Task brief:
Once you reach the line with "Томат Бобкат F1, насіння 10 шт, фото 4" in the material below, copy each line exactly up to and including the line with "Tradescantia BIO", and skip the pictures.

Data:
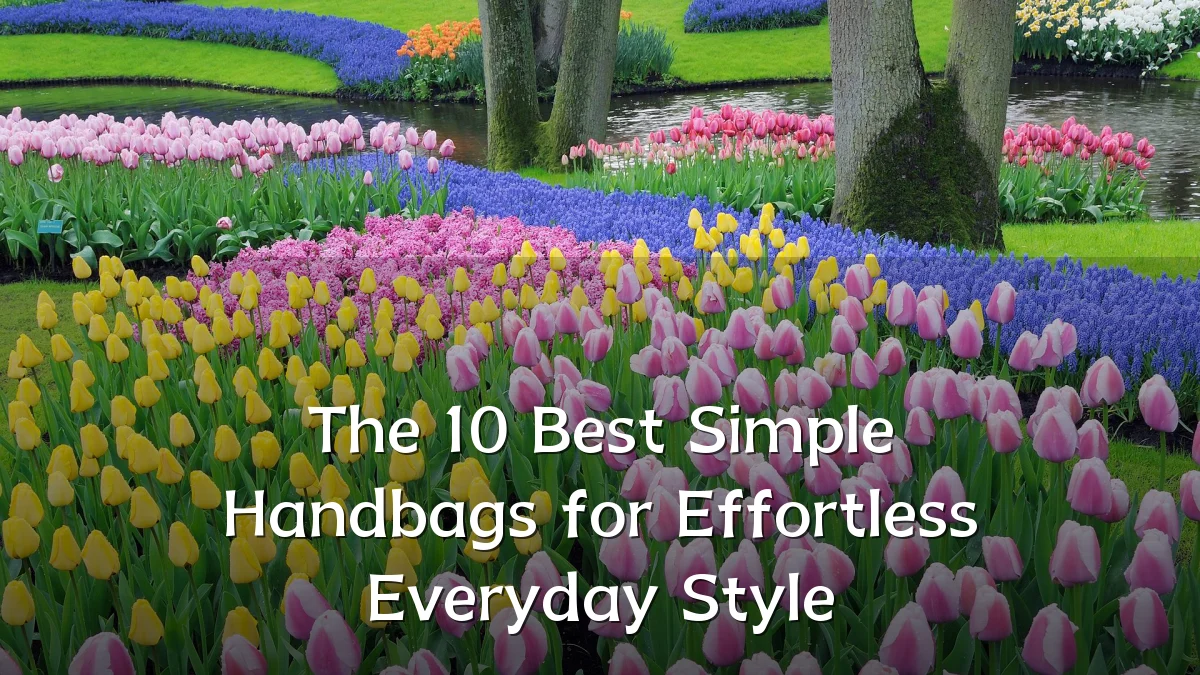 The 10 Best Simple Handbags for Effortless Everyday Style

---

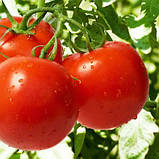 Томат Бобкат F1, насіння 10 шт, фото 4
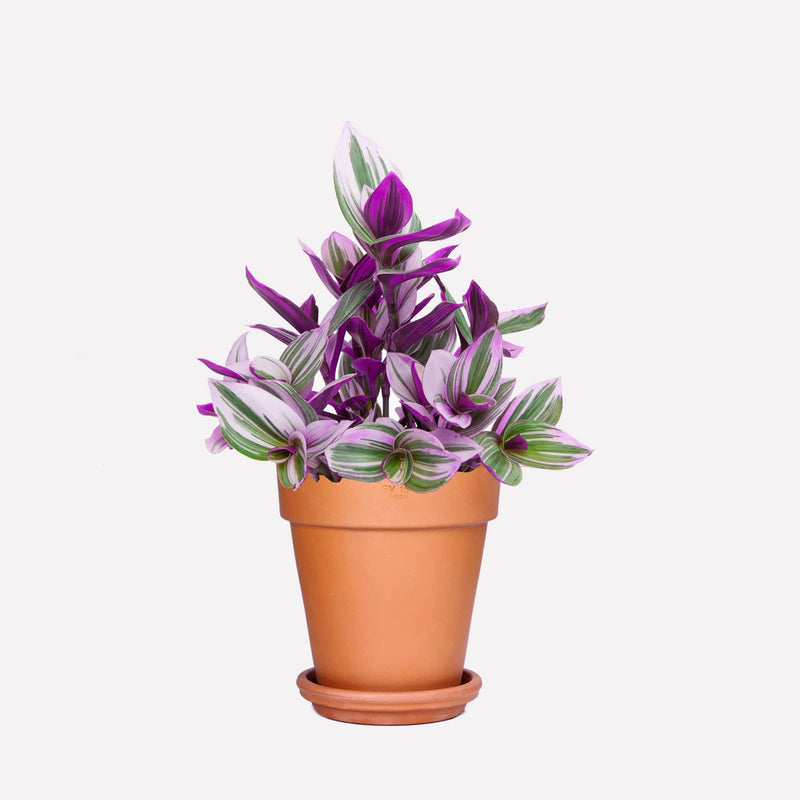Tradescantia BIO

---

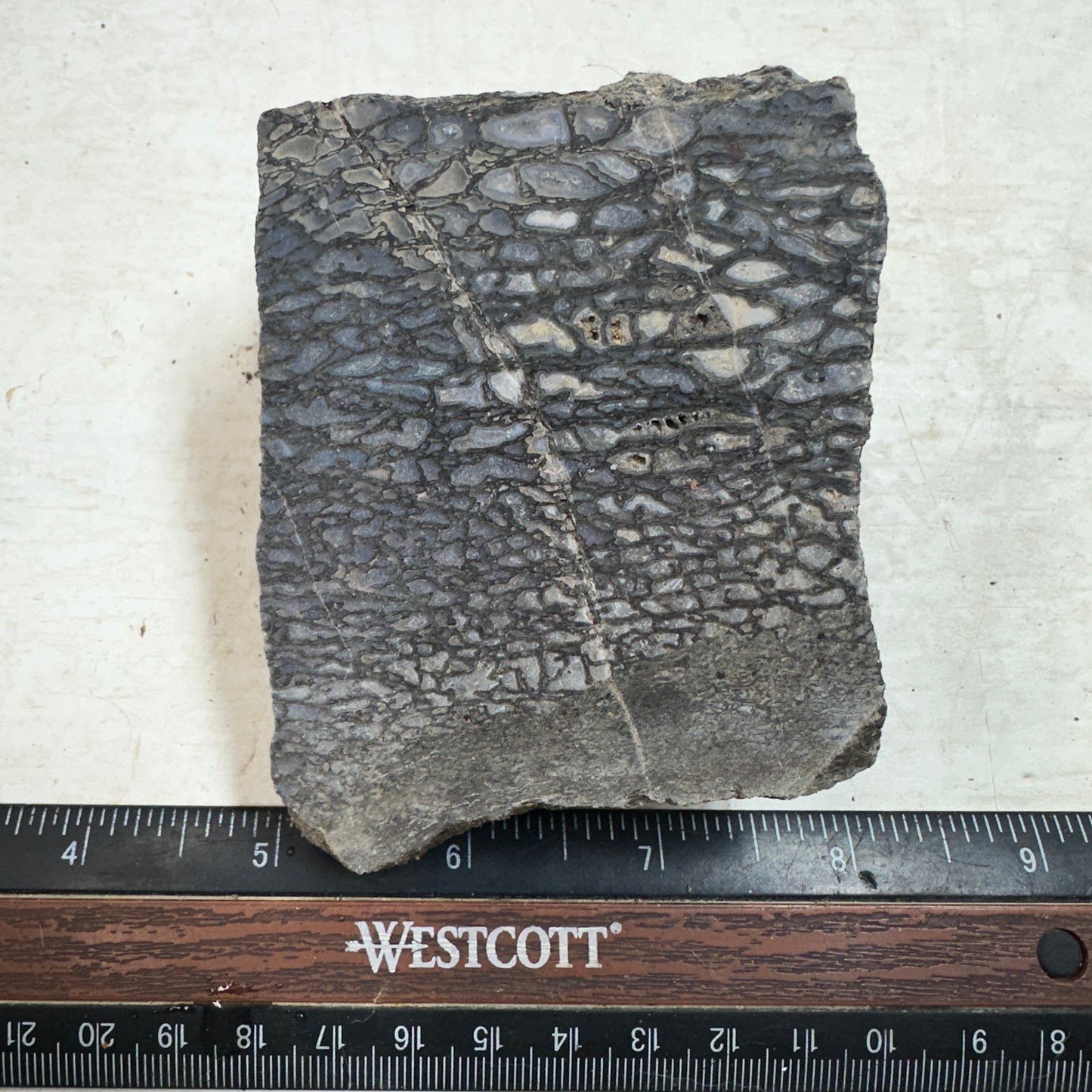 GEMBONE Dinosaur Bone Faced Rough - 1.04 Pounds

Answer box:
 Томат Бобкат F1, насіння 10 шт, фото 4
Tradescantia BIO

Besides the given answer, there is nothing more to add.